I love language and have a personal interest in grammar, punctuation and word origins but we need to be sensible about it. I know most of my friends and family members don’t have the same interest as me. I wouldn’t presume to think that because I am interested in it, we should include lots of pointless terminology to the curriculum of very young children.
If they leave infant school at 6/7 knowing what a verb, noun and adjective are, and are able to use a range of them in their writing-that’s great. I would want them to know that a sentence requires spaces between each word, a capital letter for I and at the beginning of a sentence, and punctuation at the end and to know when to use . ? or !. I would teach them a range of sentence beginnings and lots of exciting ‘wow’ word vocabulary. I would hope by the end of year two, many may be writing in lovely paragraphs to separate their ideas. I would want to teach phonological awareness well and teach reading and spelling through a range of good multi-sensory strategies through interesting and varied topics. I would want to allow time to encourage reading a range of books for pleasure and writing for a purpose.
I see no need for phrases such as ‘expanded noun phrases’ or ‘fronted adverbials’ in infant schools, but that is what the y2 SPAG test is testing them on and that is how schools are measured.

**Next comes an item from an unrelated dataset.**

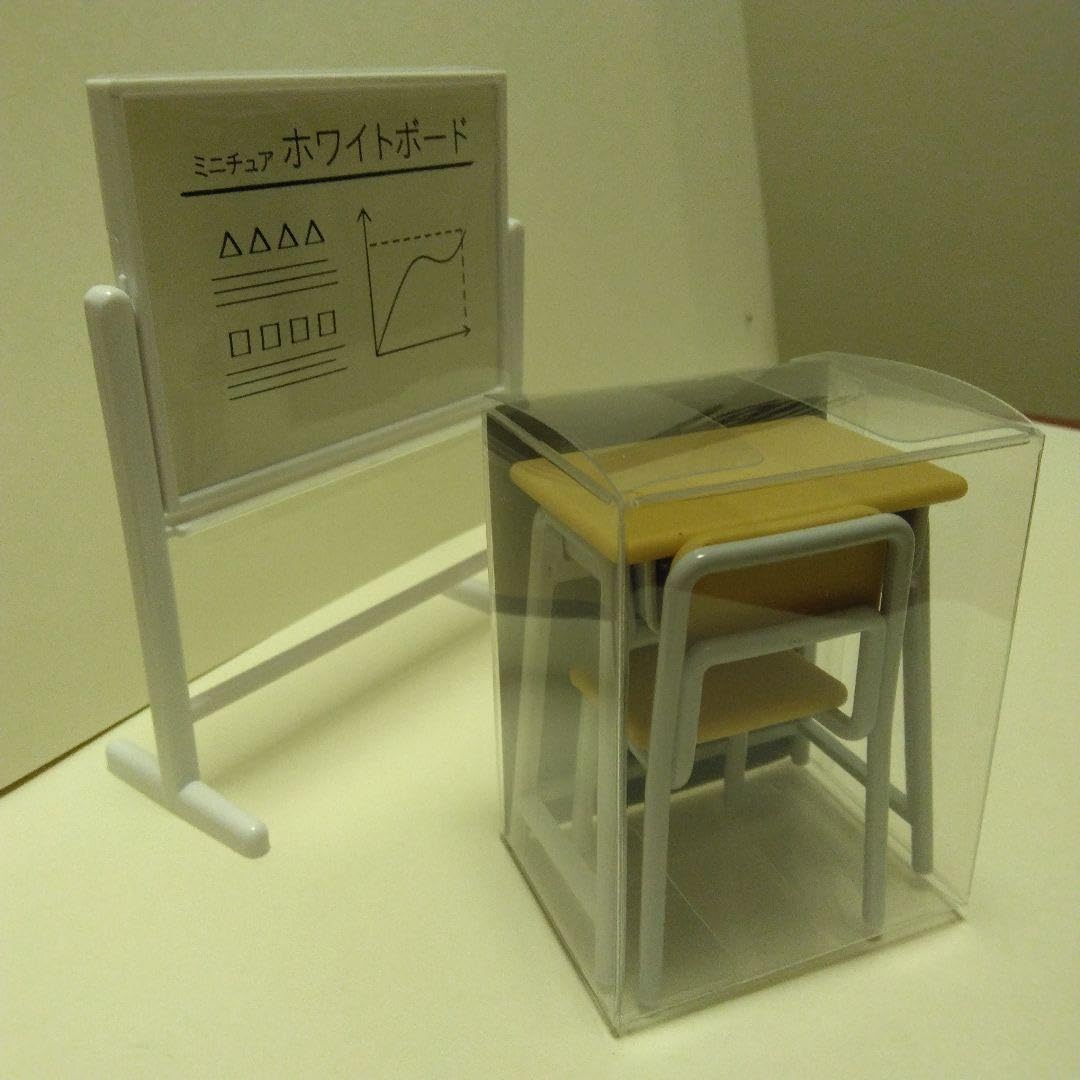 ホワイトボードと机椅子のセット。机椅子は3つセットです。 Amazon.co.jp: ミニチュア 机 椅子 ホワイトボード スクールデスク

I think it’s very wrong and I think the over focus on pointless information rather than a love of learning (which isn’t a cop-out-there should be plenty of knowledge as well!) is putting unnecessary strain on small children. I see so much more stress, anxiety and school refusal in lower primary now than I have ever seen in over twenty years of teaching.
But schools have to teach what Michael Gove decided years ago that all children must learn and that seems to be that.